Anders Jormin/Lena Willemark: Pasado en claro (ECM 2761)

Anders Jormin/Lena Willemark
Pasado en claro

Anders Jormin double bass
Lena Willemark vocals, violin, viola
Karin Nakagawa 25-string koto
Jon Fält drums, percussion
Recorded December 2021 at Studio Epidemin, Gothenburg
Engineer and coproducer: Johannes Lundberg
Cover photo: Fotini Potamia
Executive producer: Manfred Eicher
Release date: January 20, 2023

Since breaking ground on 2004’s In Winds, In Light, bassist Anders Jormin and singer/violinist/violist Lena Willemark have charted old and new territories in an increasingly fertile partnership. Their collaboration reached the next stage of development when they welcomed Japanese koto player Karin Nakagawa into their midst on 2015’s Trees Of Light. To that milieu, they’ve added drummer Jon Fält, whose name will be familiar to Bobo Stenson Trio fans. Although Willemark’s roots in Swedish folk heritage and its preservation are at the core of what’s being articulated here, the improvisational packaging has been deepened. The settings touch down on the landing strips of many times and places, including poetry from ancient China and Japan, contemporary Scandinavia, Mexican luminary Octavio Paz (whose “Pasado en claro” gives us this album’s title), and Renaissance humanist Petrarch.

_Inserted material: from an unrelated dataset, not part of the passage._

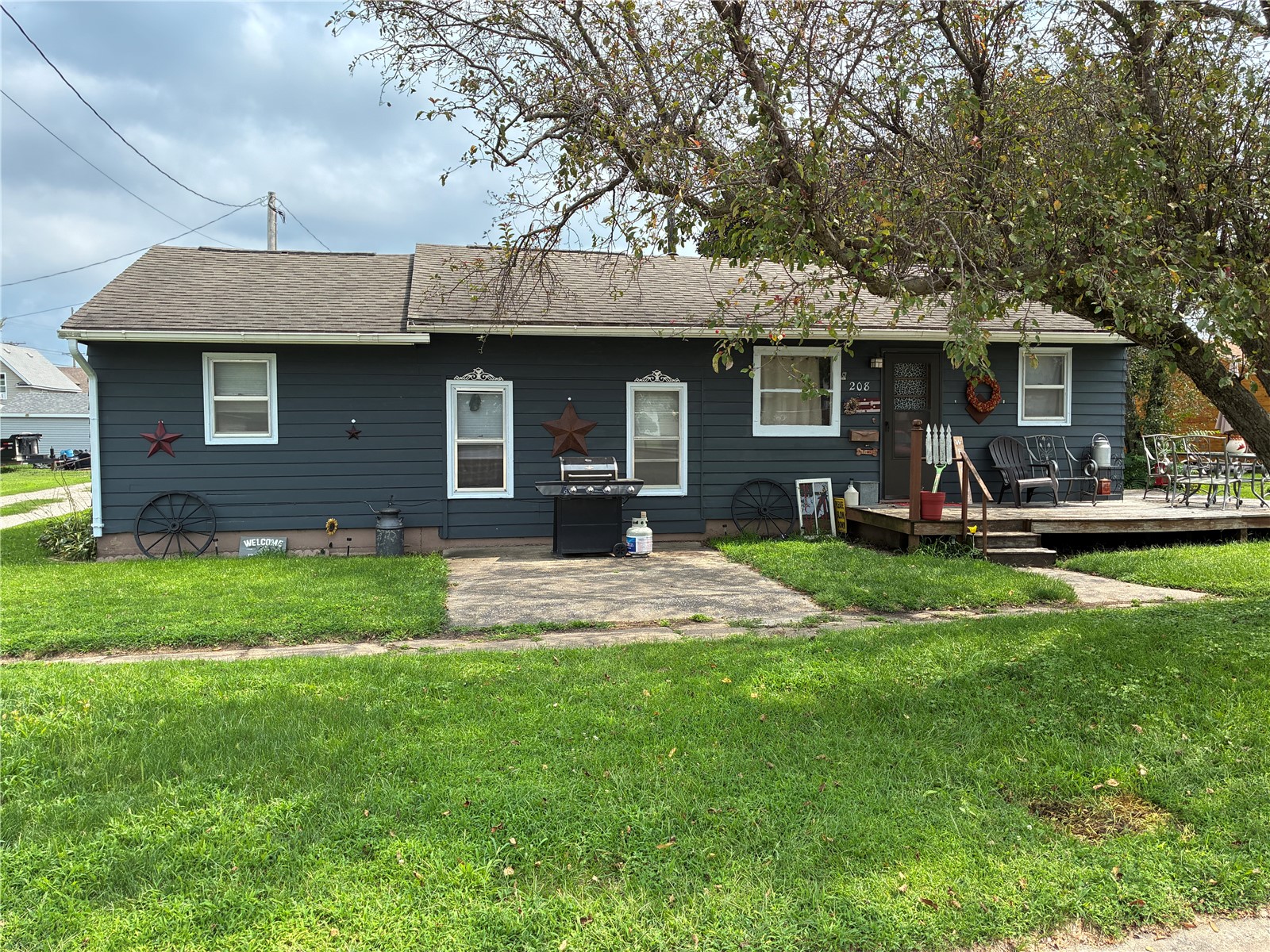 208 C Avenue Vinton IA 52349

The latter’s Poem no. 164 from Canzoniere, the eponymous subject of “Petrarca,” flickers like a candle flame. It is one of many musical settings by Jormin, whose loose strata give his bandmates plenty of room to look for fossils and regard their shapes melodically. Long before that, “Mist of the River,” his take on Ouyang Xiu (1007-1072), opens with the gentlest shimmer of koto. The poem paints a picture of a fisherman whose cast is obscured by mist and storm, resolving into groovy textures. With the clarity of a statue, Willemark etches the scene one frame at a time until they mesh into a flowing whole. Brushed drums add jazzy touches: water and silver combined. “Glowworm” looks even further back to the 8th century. The tanka by Yamabe no Akahito, rendered here in an evocative Swedish translation, finds Willemark and Jormin’s instruments in a cloudy slumber while percussion and koto yield just enough light to see the contours of their dreams.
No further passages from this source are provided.